On July 10th last year I wrote a Seeking Alpha article entitled "General Motors' Stock Is Much Cheaper Than You Think", essentially arguing that I thought GM stock was a bargain opportunity for long-term value investors since it was trading roughly between 6-7x its 2014 deferred tax asset adjusted earnings. Unsurprisingly the article received quite a response and almost immediately a deluge of comments ranging from extremely informative to downright nasty started to flow in. It's clear to me now that people's opinions are sharply divided on the issue of the 2008 auto bailout, and that merely mentioning General Motors at a dinner party is a sure fire way of spicing up the evening (or ending it prematurely). However, in the field of investing I find heated debates full of opinions to be worth very little and so when it comes to analysing investment opportunities I try to take a step back and focus on the facts instead. This article is no exception.
Since my last article in the summer, General Motors has had some rather material and meaningful events that are worth reviewing step by step.
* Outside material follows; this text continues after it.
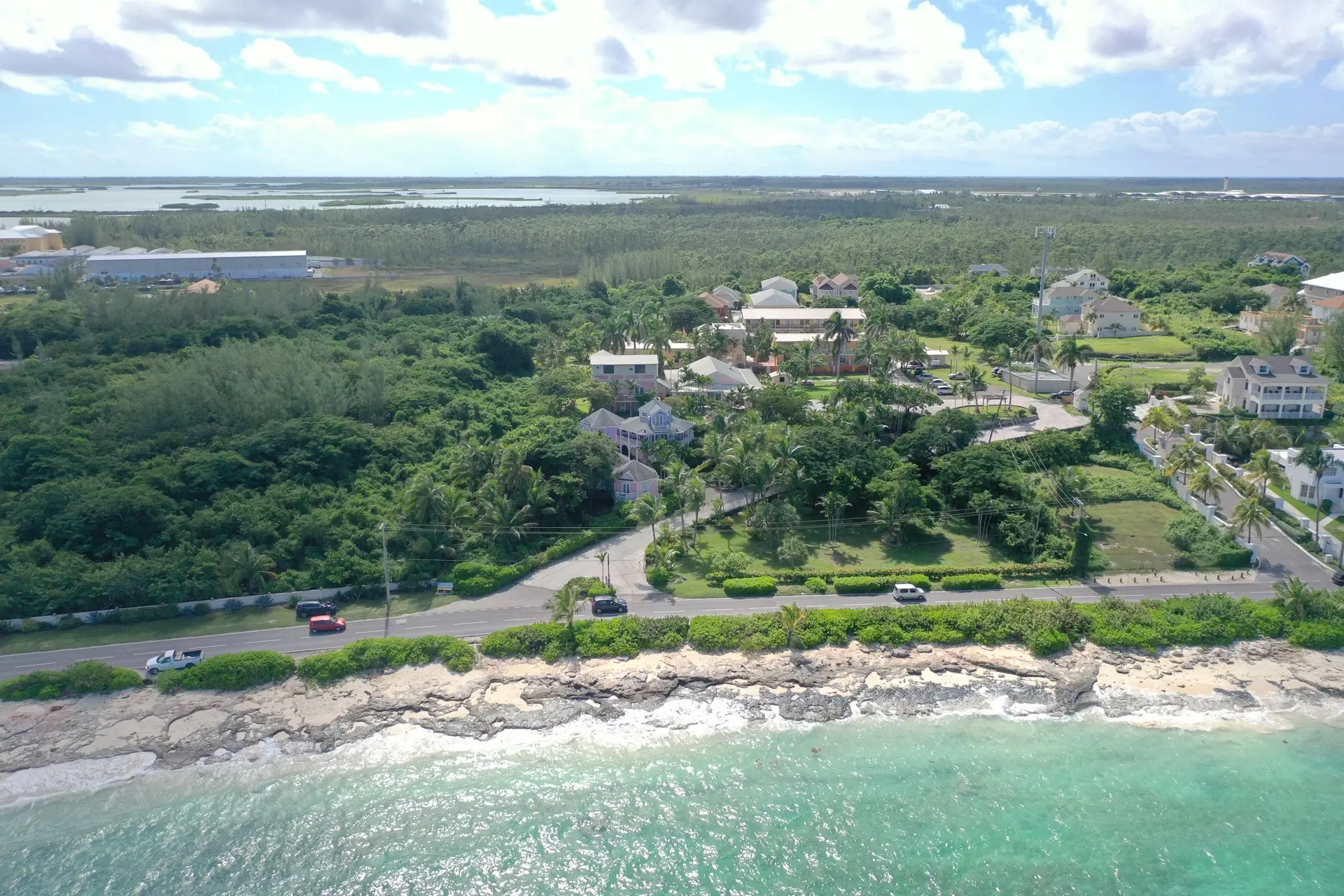 Aerial of Orange Hill Inn in Nassau, the Bahamas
First off, GM will likely finish 2013 at the upper end of my previously estimated range of $2.90 to $3.30 EPS (earnings per share), perhaps as high as $3.40 per share. That's good news to me and my fellow long-term investors because it shows that my old estimates were indeed conservative, and conservatism is absolutely crucial in helping to avoid huge mistakes.
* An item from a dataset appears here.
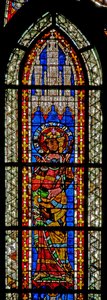 Window w208 depicting St Christine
Secondly, GM announced a dividend of $1.20 per share, which is equal to a dividend yield of just above 3%. Again, this was much higher than my conservative expectations of $0.80 per share, and I welcome this juicy payout as it gives me the opportunity to reinvest into GM stock and warrants at attractively low prices to increase my stake in the company over time.
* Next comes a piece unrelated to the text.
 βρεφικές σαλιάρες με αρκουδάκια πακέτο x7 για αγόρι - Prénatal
Thirdly, at the Detroit Motor Show GM lowered its forward guidance for 2014, implying next year's earnings of around $3.80-$4.00 per share according to my own and some of the sell-side analysts' estimates. This has clearly been a major short-term disappointment to some of the short-term investors, or speculators, who entered the stock in recent months. I suspect many of them were expecting earnings of $4.40+ per share for 2014. However, if you read my article from last summer you will see that my estimated range of EPS in 2014 was in fact $3.80 - $4.50, so this development, while at the lower end of the range, is still within my estimates.
Also, if we dig a little deeper into the company's 2014 forward guidance we quickly find that it's really not that disappointing at all.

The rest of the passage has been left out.